After two decades of traveling across the continent, I have come to believe that most American travelers in Europe make the same handful of mistakes. The good news is they are easy to fix.
Why most tips for Europe miss the point
Generic advice tells you to “pack light” and “learn a few words of the local language.” Useful, but it skips the harder question: how do you actually move through a place without feeling (and looking) like a tourist who flew in from Newark yesterday?
The honest answer is that you cannot fake being a local on a one-week trip. What you can do is stop signaling tourist in ways that cost you money, time and the chance to see anything beyond the surface.

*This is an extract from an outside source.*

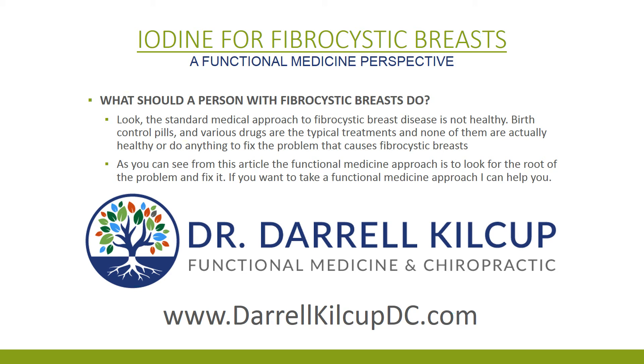So what are your options? You can go the standard medical route, but that means taking drugs or birth control pills — they don't do anything to fix the problem. You want to see a functional medicine physician. If you don't have one, I would love to help you. You can reach me at my website. Have a great day. God bless.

Skip the capital-only itinerary
The biggest mistake I see Americans make is treating European countries like single-city destinations. Paris is not France. Rome is not Italy. Lisbon is not Portugal. Capital cities concentrate the most tourists, the highest prices and (paradoxically) the least distinctive food and culture. If you have 10 days, give a capital three or four, then go
somewhere a train can reach in under three hours.
A few pairings that work:
Paris plus Lyon. Lyon is widely considered France’s gastronomic capital and sees a fraction of Paris’ foot traffic.
Rome plus Bologna. Home to the oldest university in the Western world, miles of UNESCO-listed porticoes and arguably the best food in Italy.
Madrid plus San Sebastián. Basque country pintxos bars are an institution Madrid cannot replicate.
Amsterdam plus Utrecht. Twenty-five minutes by train. Same canals, half the crowds.
This is the single change that will transform a European trip more than any packing list ever will.
Take the train, not the plane
European rail is not a backpacker cliché. It is genuinely the best way to move between cities,
and the math is rarely close.
A flight from Paris to Amsterdam takes 80 minutes in the air but eats four to five hours door
to door once you factor airport transit, security, and the inevitable delay. The direct Thalys
train does it in three hours and twenty minutes, city center to city center, with no luggage
limits and no body scanner.
Eurostar, TGV, Frecciarossa, ICE, AVE: the high-speed networks across France, Italy,
Germany and Spain are world-class. Book three to four weeks ahead through national
operators (SNCF Connect, Trenitalia, Renfe) for fares often under €50 between major
cities. Avoid third-party resellers that mark up tickets without warning.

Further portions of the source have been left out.